Requirement ▸ The expected result is the full listing, retyped exactly, without a single picture.

Exercise data ▸
------------

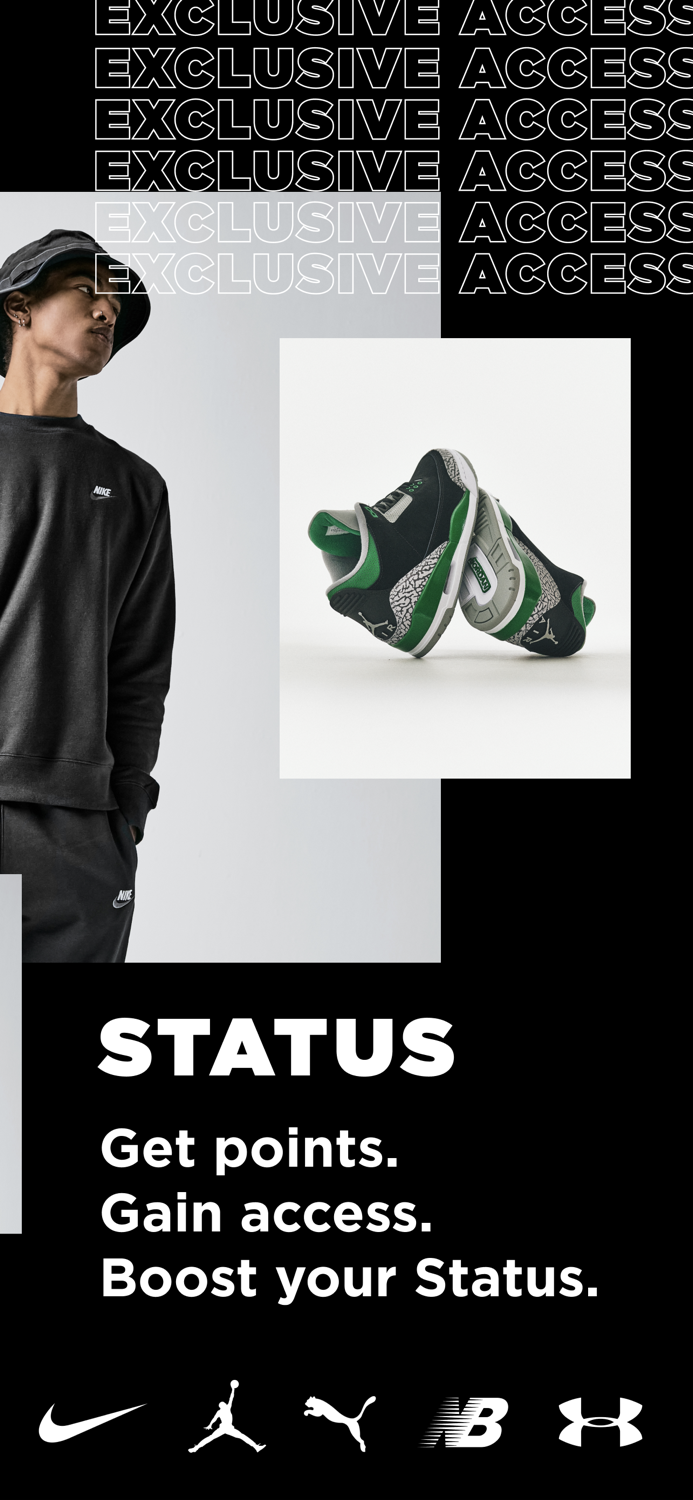 JD Sports Exclusive rewards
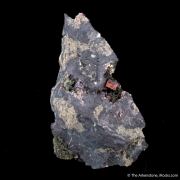 Phosphosiderite with Barbosalite and Pyrite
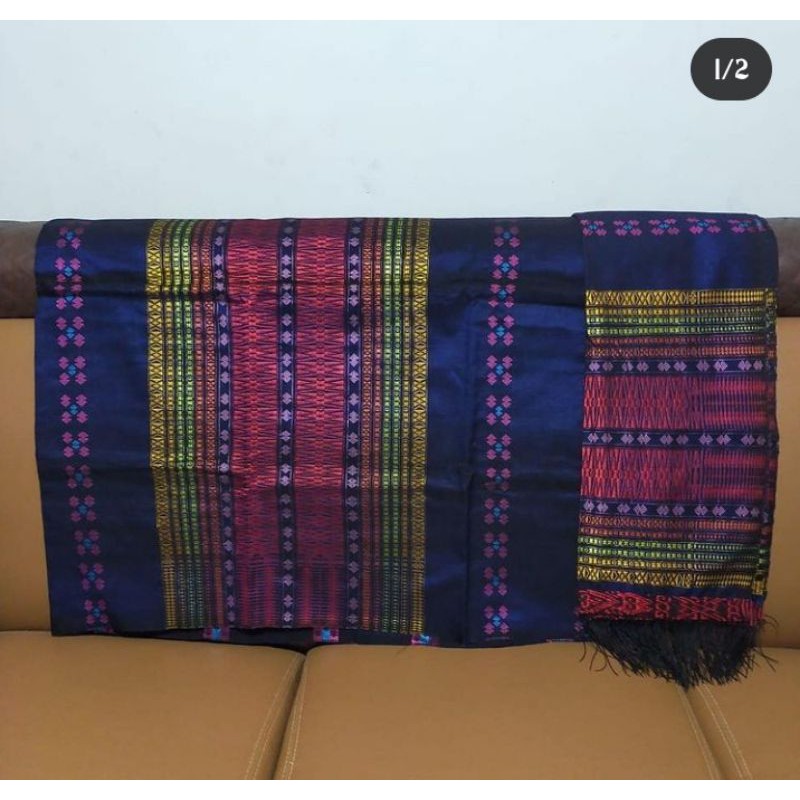 Mandar Tenunan Tarutung Pucca Bintik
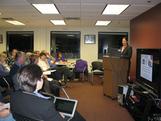 Keynote speech, Julie Tetley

------------

Solution ▸
 JD Sports Exclusive rewards
 Phosphosiderite with Barbosalite and Pyrite
 Mandar Tenunan Tarutung Pucca Bintik
 Keynote speech, Julie Tetley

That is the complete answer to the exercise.